When testers schedule application performance tests, they must allow time to fully analyze the results. It's not enough to run test scripts. Developers or performance engineers need to think through the results and gather data they can actively use to design application improvements. 

Performance testing tools are useful, but testers need to learn how to use them and read important data metrics associated with the tooling. An organization must decide if it wants to invest in a tool, or simply invest time in a developer who can create a performance test suite. Developers can base a test suite on their knowledge of the application's code and connections, such as APIs and databases.

Performance testing objective 2: Define measurements

An IT organization must define what's fast enough for the application to perform each function. And, similarly, what's fast enough for pages to load and to fulfill data requests. These measurements inform software quality.

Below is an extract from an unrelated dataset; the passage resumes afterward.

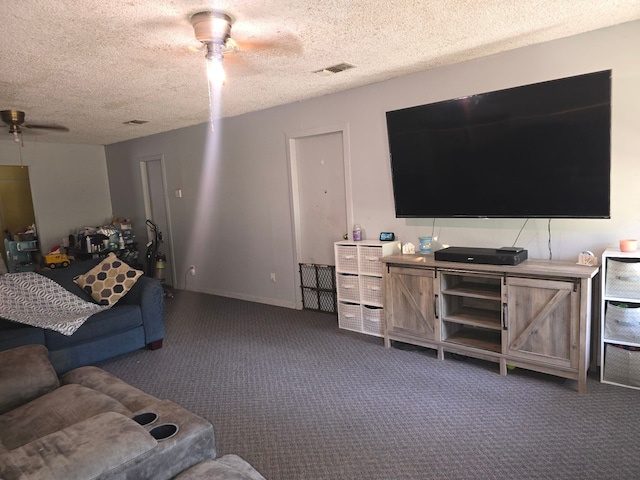 carpeted living room featuring a textured ceiling, a healthy amount of sunlight, and ceiling fan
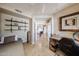Neutral bedroom featuring view into the main living area with ceiling fan at 8880 E Paraiso Dr # 120, Scottsdale, AZ 85255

For example, an application designed to schedule airline flights and hotel stays must sort through a lot of options for a given query, but it can't take so long to download data that the software doesn't return a response to the user in a timely manner. People don't wait long, and a cute spinner icon won't help the UX.

Software teams must decide how fast an application can function and verify it meets those goals. Once QA professionals have goal measurements, they need to develop a performance test suite against each desired function and execute the tests. Execute the tests one to three times to generate the application's baseline performance numbers. The baseline represents the typical app performance, and provides a starting point for comparison after updates and improvements.

Testers can get a baseline by collecting real data from performance tests. The team can choose to execute the performance test during each code deployment or at the beginning, middle and end of a release cycle. When a team analyzes the results, it can determine if the application has met predefined measurements. If not, then they know where the application code needs additional work.

The team can get more sophisticated with performance testing. For example, testers can check the response speed under different kinds of load, such as a user spike or a sustained stretch of high user activity. QA can check for stability issues, such as the application frequently timing out on a particular task under increased load. These tests also help determine what conditions allow an application to perform the best. Measuring application performance is the only way to know how well the application scales and allow for improvements before the developers release new code.

Performance testing objective 3: Create a thorough test design

While some testers think that the free add-ons that come with most tools are enough for performance tests, this is far from the truth. Performance testing is too important to the application's success. The performance tests created with these add-ons often fall short of what testers hope to achieve.

Slapping performance testing together or using simple, prefab tools isn't the answer either. Organizations should use a performance engineer with specific domain knowledge, or allow a development team and its testers to design and plan out thorough and accurate application performance tests.

Consider developing tests by functional feature, or create a test for each significant function in the application. Like any test development effort, a QA professional can repurpose existing functional tests or regression suites and create a set of prioritized options for performance testing. A performance engineer or developer can use tests to take a closer look at code and design unit type tests, or integrate unit tests that execute each function. Include tests for API and database connections, as well as any other third-party or back-end processing engines that the application uses.

Test design is on equal footing with the other performance testing objectives. Make sure there's enough time for developers and QA to design a quality set of performance tests. Once you have a performance test suite, testers can execute it during regular QA efforts so the tests continuously provide business value.

Application performance is an integral part of business success. Take it seriously, and test thoroughly.